Here’s what I have been rejecting lately:
- Teachings – “This is not my experience, this is yours. I don’t want your experience, I want my own.”
- Appearances – “I am not whatever you think I am. I am not whatever or whomever you want me to be.”
- History – “I am not whatever I have been. I am not who you have known me to be. I am not who you have thought me to have been.”
- Any false behavior I might have – “I am not going to be anything just because it is good or right. I will do it because it feels true. I am not interested in being anything for anyone just to avoid being rejected. I won’t help you just to avoid losing your love.”
- Social Niceties – “ I don’t care how others perceive me. I will do what is true for me, not what society/community wants me to do. I will not follow your protocol”
It’s been very intense at times, and I’ve just been letting it arise, rolling with it, giving it a voice, exploring it. It has begun to feel like everything that is not truly me is being questioned and is falling away. The other night, the day after the retreat, I went for a run, and half way through, found myself running, breathing and chanting in rhythym: “F*** Me F*** Me F*** Me F*** Me……..” I just let it come and move through me. For a mile perhaps. Occasionally interspersing the words with ‘F*** You F**** You F*** You…..” and some middle finger extension exercises thrown in for good measure. In trying to understand it afterwards, I realized that I am also rejecting whatever I am and have been that is not real, that has been sicklied o’er with the pale cast of need, fear, appropriateness, expectation, obligation. I am tired, and I am realizing that the tiredness is from having been something that I am not. I am utterly rejecting that, whatever that is, in whatever flavors it comes in.
I don’t have much clarity on what I am, but what I am NOT is becoming more and more abundantly clear. In moving through all of this, I learned of the path of Neti Neti, which seems to have arisen through me irrespective of my lack of knowledge of it. It is a path of rejecting all, “I am not that, I am not that, etc.” until we realize that there is nothing that we are, until nothing remains, until perhaps we recognize that we are not definable, that there is nothing that we can truly identify with.

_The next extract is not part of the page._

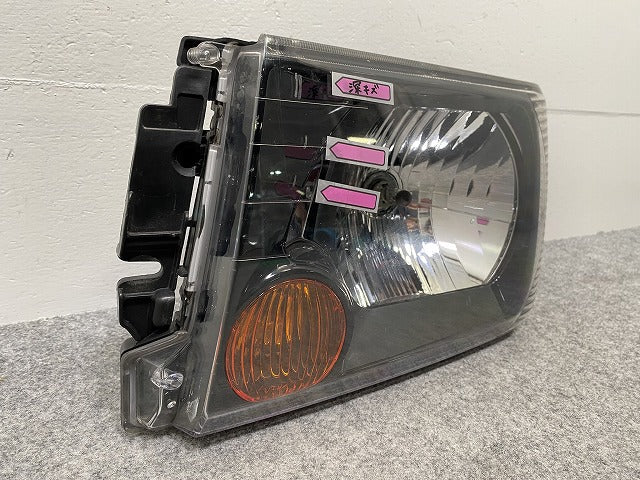 ミニキャブ/クリッパー U61V/U62V/U71V/U72V 純正 中期 左 ヘッドライト/ランプ ハロゲン STANLEY P5701 ブラック ソリッド 三菱(142900)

Epilogue: Things have settled down for me some. Near the end of the retreat, I was doing an exercise with a friend and I noted that I felt like I had survived a hurricane at sea, and my boat, with broken mast, tattered sails, no motor and the name scraped off, was somehow miraculously gliding its way back into the harbor and into my slip where I could curl up and take in a well earned rest, perhaps more simply as me.